**INFORMATION:**
▽
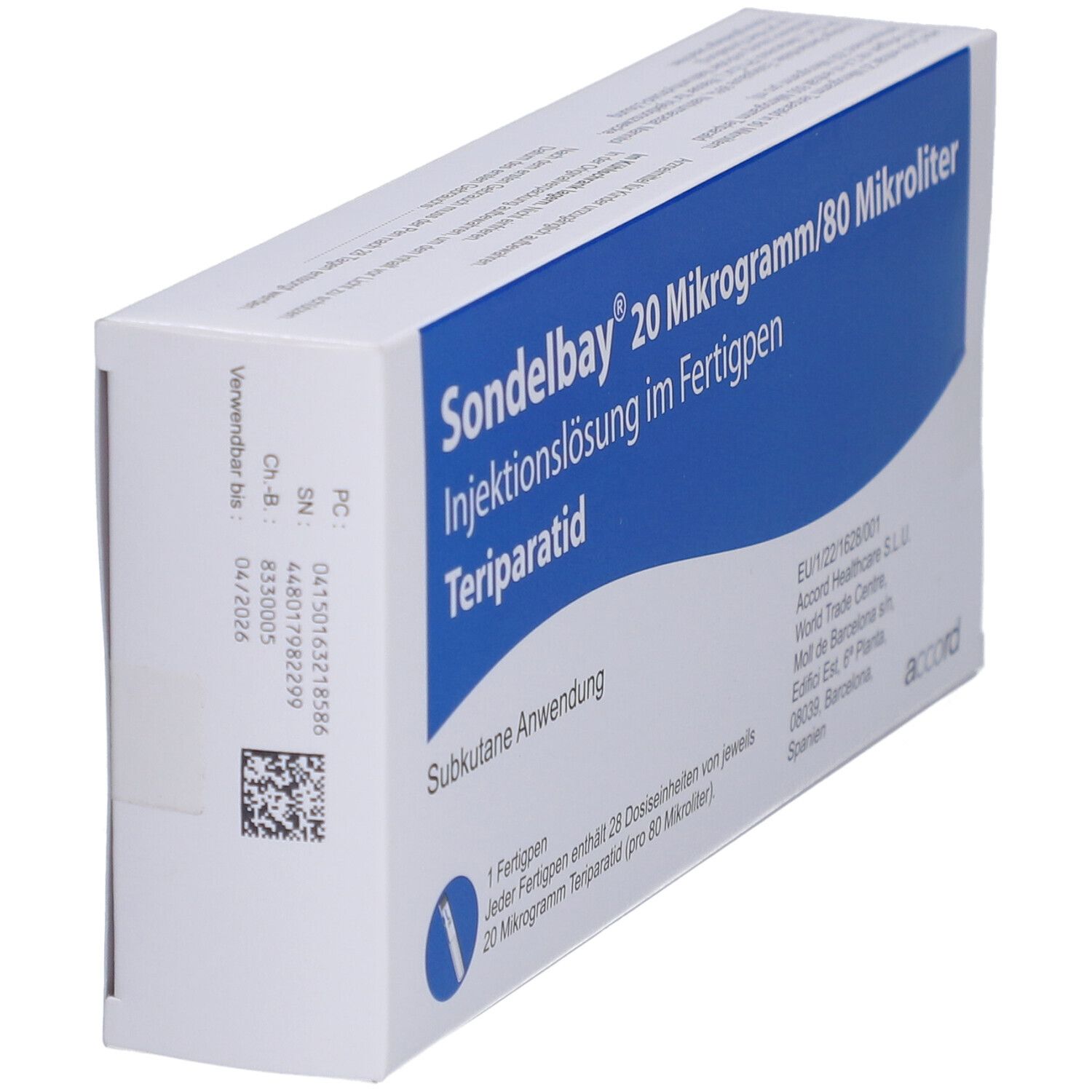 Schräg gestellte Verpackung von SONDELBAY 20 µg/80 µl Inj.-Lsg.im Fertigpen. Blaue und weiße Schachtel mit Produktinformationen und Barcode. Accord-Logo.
△
▽
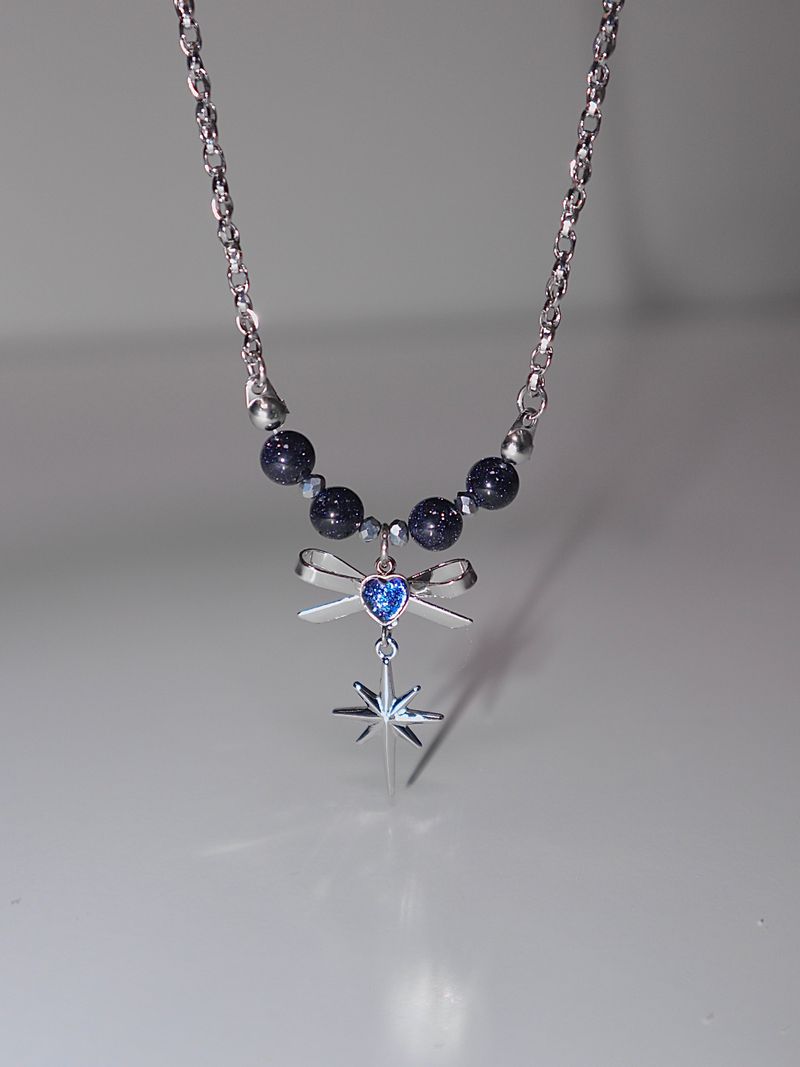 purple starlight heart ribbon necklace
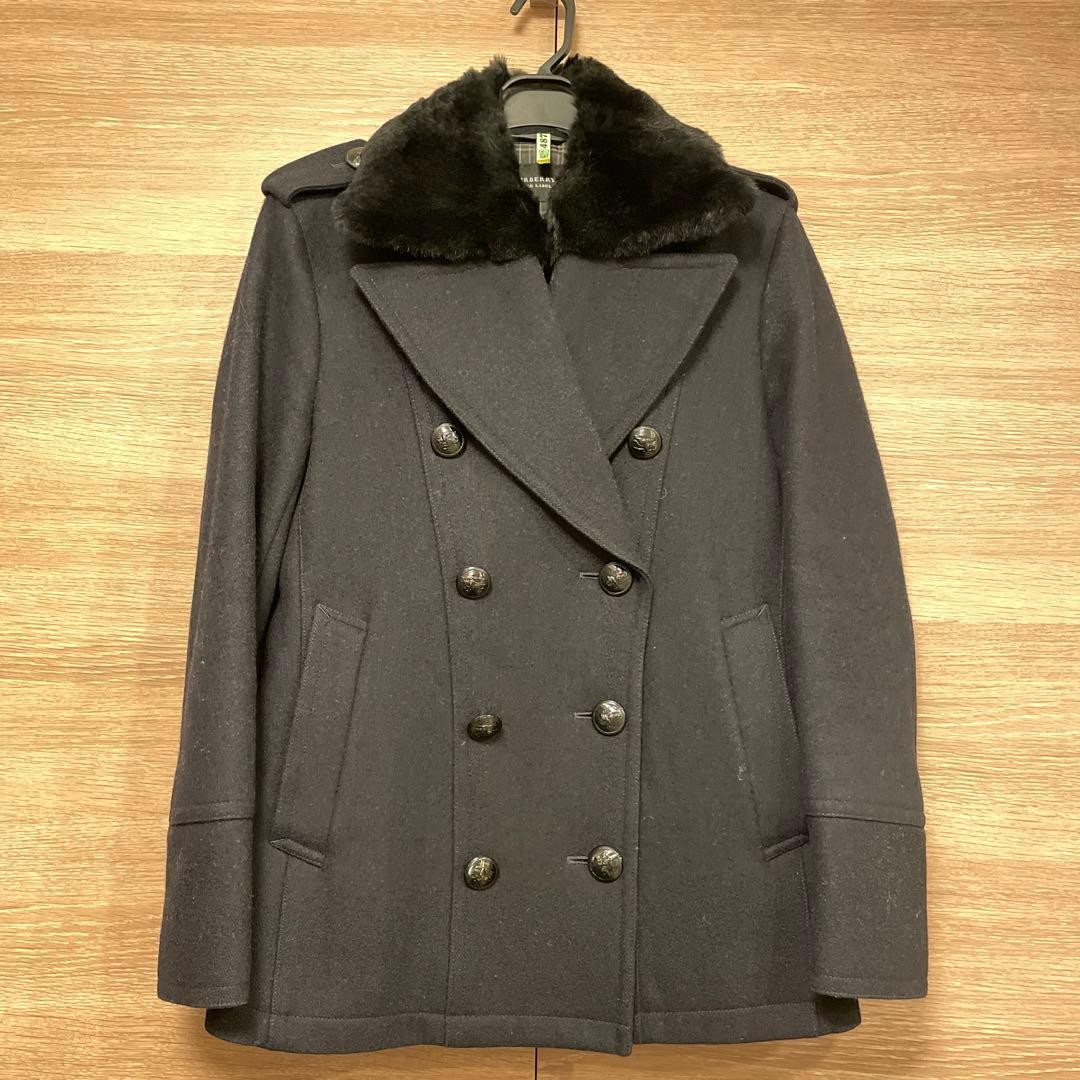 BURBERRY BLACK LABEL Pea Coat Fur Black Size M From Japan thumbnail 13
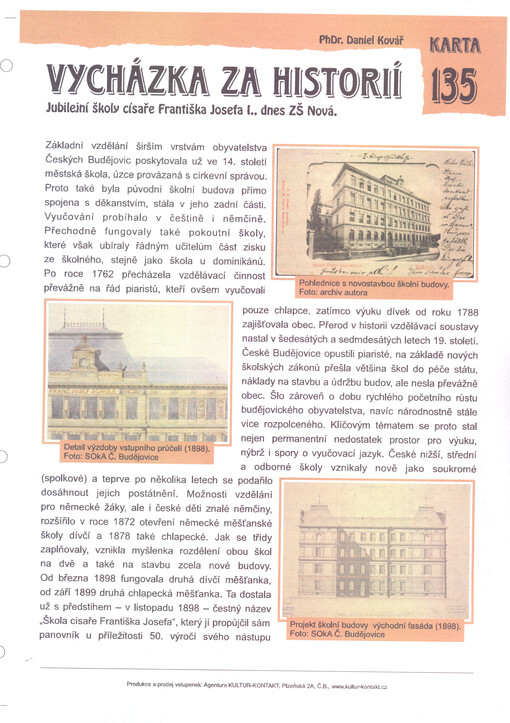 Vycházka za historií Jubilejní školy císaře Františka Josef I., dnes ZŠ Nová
△
▽
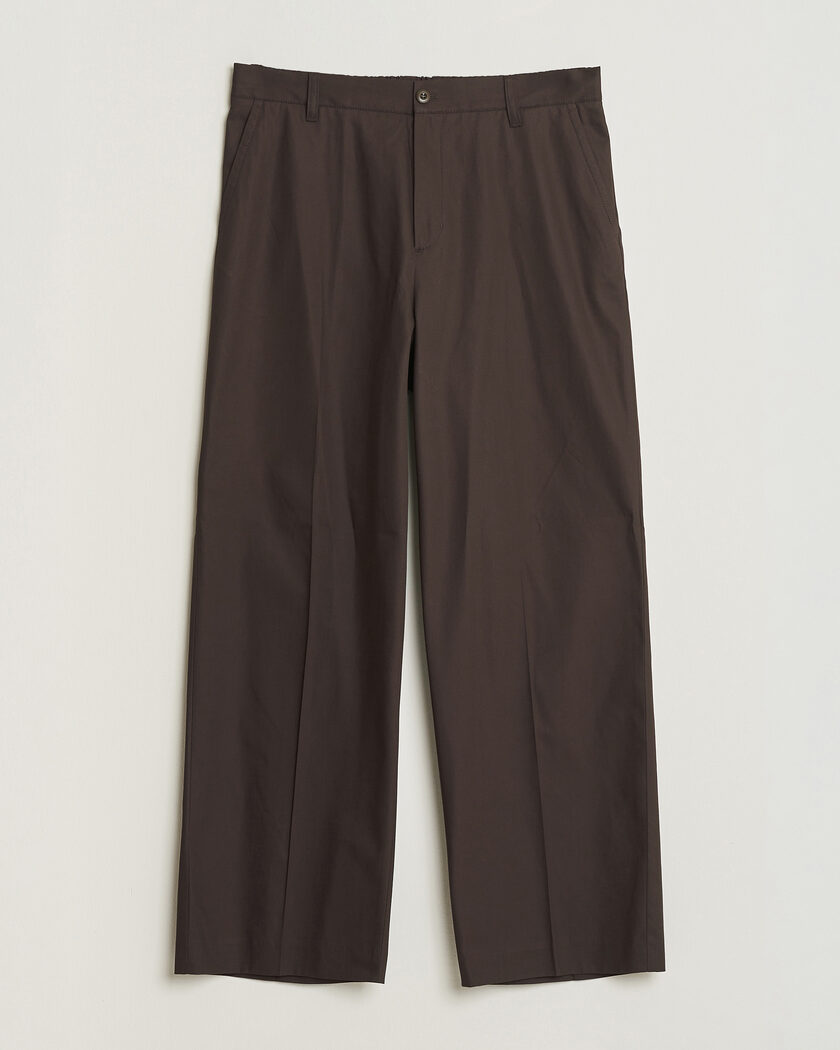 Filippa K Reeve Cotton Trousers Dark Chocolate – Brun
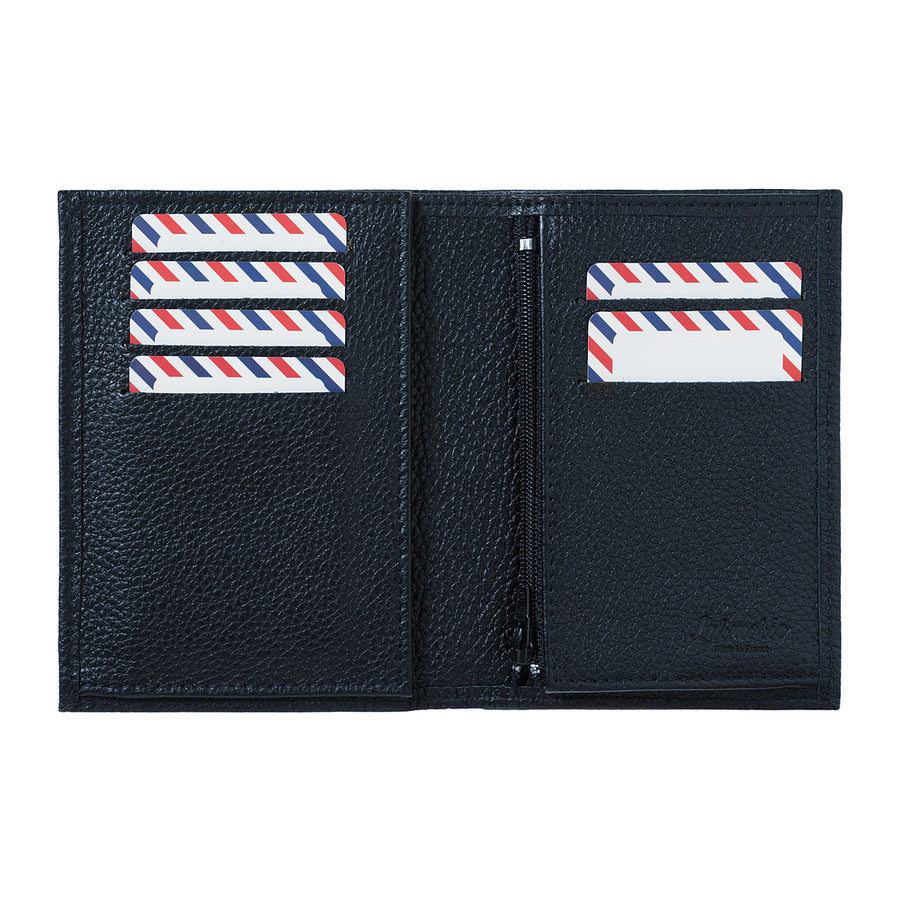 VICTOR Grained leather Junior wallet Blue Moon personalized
△
**ASSIGNMENT:** Both boundary lines included, write out word for word only the lines above from the one containing "Filippa K Reeve" to the one containing "VICTOR Grained leather", leaving out any pictures.

**WRITTEN ANSWER:**
 Filippa K Reeve Cotton Trousers Dark Chocolate – Brun
 VICTOR Grained leather Junior wallet Blue Moon personalized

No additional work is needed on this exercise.